DV: Vous connaissez bien Nantes?

Pierre Carles: Oui, un peu. Je suis venu il y a 3 ans au cinéma Bonne Garde pour une rétrospective de mon travail. J’avais passé 3-4 jours à Nantes et j’en garde un très bon souvenir. La famille Clochard, qui tient le cinéma de quartier le Concorde, a toujours défendu mes films. J’ai aussi un peu suivi les dernières manifestations contre le projet d’aéroport à Notre-Dame des Landes. Certaines personnes s’étaient déguisées en légumes, en patate notamment, et déambulaient Place du Commerce au milieu des manifestants cagoulés qui résistaient aux CRS. On ne voit pas trop ça ailleurs.

Les débuts dans la carrière journalistique

DV: Au début de votre carrière, vous avez commencé à « L’Assiette anglaise » avec feu Bernard Rapp, où vous jouiez un peu le rôle de journaliste-trublion.

PC: J’y faisais des détournements d’images et des reportages plutôt loufoques sur des événements médiatiques ou surmédiatisés. On a été, me semble t-il, des précurseurs sur ce créneau-là.

DV: Certains reportages tiennent encore le coup, comme le voyage de Mitterrand à Solutré.

PC: C’était tabou à l’époque, lorsqu’on suivait François Mitterrand lors de son ascension annuelle de la roche de Solutré, d’enregistrer quoi que ce soit en audio ou en vidéo. Gravitait autour de Mitterrand toute une cour de journalistes et il n’était pas question de transgresser la sacro-sainte règle du « off the record». Mitterrand pouvait engueuler des journalistes ou en flatter certains, c’était le monarque parlant à ses sujets, à ses subordonnés. De manière générale, ces journalistes politiques  étaient fascinés par Mitterrand et perdaient tout esprit critique si tant est qu’ils en avaient. On a retrouvé cela plus tard avec Chirac, Sarkozy, DSK et maintenant Manuel Valls : une fascination pour le pouvoir, que ce soit le pouvoir politique ou économique.

Dans une autre émission de Bernard Rapp à laquelle j’ai collaboré – « Tranche de cake » – je m’amusais à filmer  les intérieurs des domiciles de personnalités invitées sur le plateau de l’émission. Le fabriquant de best sellers Paul-Loup Sulitzer avait très mal pris le fait que je livre à l’antenne le code du système de sécurité de son grand appartement bourgeois qui donnait sur les jardins de Matignon. Il pensait qu’on allait le cambrioler après ce reportage (rires). Bernard Rapp s’est toujours bien comporté avec moi.
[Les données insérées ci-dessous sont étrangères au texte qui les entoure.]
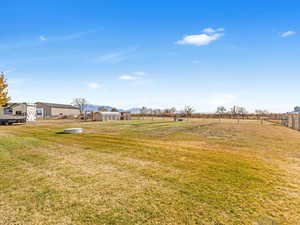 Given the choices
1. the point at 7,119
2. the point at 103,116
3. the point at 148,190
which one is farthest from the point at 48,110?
the point at 148,190

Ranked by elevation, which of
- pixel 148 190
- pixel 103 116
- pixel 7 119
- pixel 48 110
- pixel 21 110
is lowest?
pixel 148 190

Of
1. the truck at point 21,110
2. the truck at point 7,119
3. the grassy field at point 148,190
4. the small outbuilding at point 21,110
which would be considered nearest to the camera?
the grassy field at point 148,190

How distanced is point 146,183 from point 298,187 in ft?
14.1

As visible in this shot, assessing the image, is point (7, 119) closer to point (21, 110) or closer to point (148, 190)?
point (21, 110)

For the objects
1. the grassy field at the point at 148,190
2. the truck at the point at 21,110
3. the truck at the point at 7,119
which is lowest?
the grassy field at the point at 148,190

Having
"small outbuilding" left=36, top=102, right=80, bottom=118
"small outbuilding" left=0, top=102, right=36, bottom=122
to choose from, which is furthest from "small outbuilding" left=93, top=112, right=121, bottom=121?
"small outbuilding" left=36, top=102, right=80, bottom=118

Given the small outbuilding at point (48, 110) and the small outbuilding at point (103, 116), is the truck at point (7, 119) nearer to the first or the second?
the small outbuilding at point (103, 116)

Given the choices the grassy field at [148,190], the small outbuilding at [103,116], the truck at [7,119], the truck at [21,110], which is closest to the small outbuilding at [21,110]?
the truck at [21,110]

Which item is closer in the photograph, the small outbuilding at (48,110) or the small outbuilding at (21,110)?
the small outbuilding at (21,110)

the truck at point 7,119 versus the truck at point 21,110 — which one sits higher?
the truck at point 21,110

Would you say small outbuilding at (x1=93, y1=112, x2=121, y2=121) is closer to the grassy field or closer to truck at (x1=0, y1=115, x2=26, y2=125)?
truck at (x1=0, y1=115, x2=26, y2=125)

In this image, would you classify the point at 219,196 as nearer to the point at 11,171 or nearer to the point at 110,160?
the point at 110,160

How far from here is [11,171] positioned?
6.00 meters

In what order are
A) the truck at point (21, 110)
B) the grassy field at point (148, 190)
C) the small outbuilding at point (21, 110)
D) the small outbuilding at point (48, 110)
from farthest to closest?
the small outbuilding at point (48, 110) < the small outbuilding at point (21, 110) < the truck at point (21, 110) < the grassy field at point (148, 190) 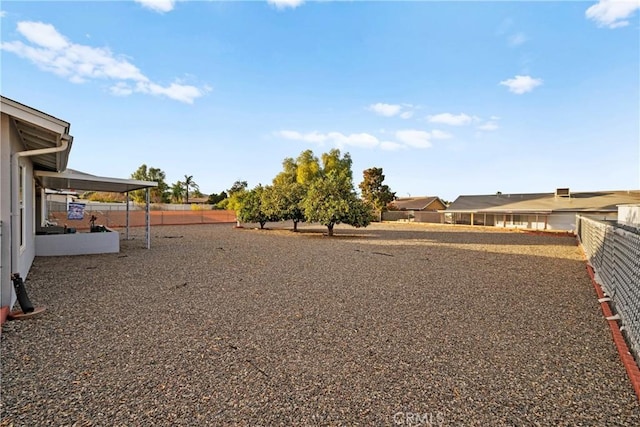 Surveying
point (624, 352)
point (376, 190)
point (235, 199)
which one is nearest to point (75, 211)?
point (624, 352)

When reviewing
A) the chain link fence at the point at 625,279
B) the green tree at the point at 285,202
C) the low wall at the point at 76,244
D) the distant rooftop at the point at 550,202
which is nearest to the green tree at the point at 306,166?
the distant rooftop at the point at 550,202

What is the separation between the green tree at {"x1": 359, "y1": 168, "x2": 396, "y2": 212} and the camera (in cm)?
3894

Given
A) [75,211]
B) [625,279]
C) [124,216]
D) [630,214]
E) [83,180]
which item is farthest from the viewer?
[124,216]

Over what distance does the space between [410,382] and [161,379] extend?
2144 mm

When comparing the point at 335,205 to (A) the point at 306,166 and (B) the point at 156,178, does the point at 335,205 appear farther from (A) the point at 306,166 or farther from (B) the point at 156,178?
(B) the point at 156,178

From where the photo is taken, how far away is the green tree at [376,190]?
3894cm

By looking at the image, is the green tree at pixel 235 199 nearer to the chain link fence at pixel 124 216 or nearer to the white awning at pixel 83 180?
the chain link fence at pixel 124 216

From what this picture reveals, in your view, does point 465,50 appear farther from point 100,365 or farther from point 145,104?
point 100,365

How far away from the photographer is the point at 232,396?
8.34ft
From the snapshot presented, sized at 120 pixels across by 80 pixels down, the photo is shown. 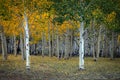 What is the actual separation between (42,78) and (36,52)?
50712mm

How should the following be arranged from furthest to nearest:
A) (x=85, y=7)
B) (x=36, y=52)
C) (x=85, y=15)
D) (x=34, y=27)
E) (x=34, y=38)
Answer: (x=36, y=52) → (x=34, y=38) → (x=34, y=27) → (x=85, y=7) → (x=85, y=15)

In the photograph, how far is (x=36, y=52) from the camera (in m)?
73.5

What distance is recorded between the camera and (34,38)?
65.4 m

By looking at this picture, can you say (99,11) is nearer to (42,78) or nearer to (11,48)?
(42,78)

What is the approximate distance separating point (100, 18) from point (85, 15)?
97.5 inches

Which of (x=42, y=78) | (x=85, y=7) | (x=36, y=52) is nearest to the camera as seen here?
(x=42, y=78)

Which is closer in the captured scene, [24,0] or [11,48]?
[24,0]

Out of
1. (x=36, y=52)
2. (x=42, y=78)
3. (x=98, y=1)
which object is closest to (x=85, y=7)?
(x=98, y=1)

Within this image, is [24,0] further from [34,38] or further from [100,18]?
[34,38]

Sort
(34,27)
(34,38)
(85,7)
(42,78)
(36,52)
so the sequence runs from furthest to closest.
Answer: (36,52), (34,38), (34,27), (85,7), (42,78)

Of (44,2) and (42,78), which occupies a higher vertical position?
(44,2)

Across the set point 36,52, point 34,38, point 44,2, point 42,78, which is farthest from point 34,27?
point 42,78

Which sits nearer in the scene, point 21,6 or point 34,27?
point 21,6

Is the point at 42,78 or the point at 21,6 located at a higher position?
the point at 21,6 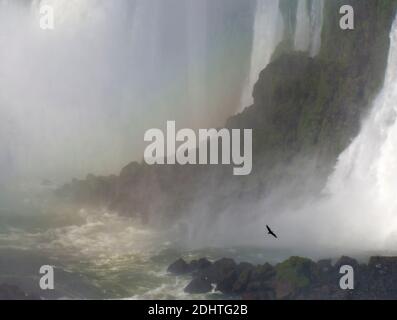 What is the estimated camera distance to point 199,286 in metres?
19.4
Avec, les producteurs de « Strip-tease », c’est l’un des rares hommes de TV à m’avoir protégé.

DV: Vous avez aussi travaillé quelque temps à « Canal plus »?

PC: Oui, ça n’a pas duré longtemps. Juste le temps qu’ils censurent un reportage qu’ils m’avaient commandé  (rires). Alain De Greef, le directeur des programmes de l’époque, n’avait pas apprécié « Pas vu à la télé », mon enquête pour « La Journée de la télé » sur la proximité entre certains hommes politiques et responsables de l’information. Il l’a purement et simplement censuré. Lui et son acolyte Pierre Lescure, qui dirige aujourd’hui le festival de Cannes, claironnaient à l’époque que leur chaîne était la plus libre, la plus impertinente.  Canal + continue aujourd’hui d’entretenir cette illusion. C’est du pipeau, bien entendu.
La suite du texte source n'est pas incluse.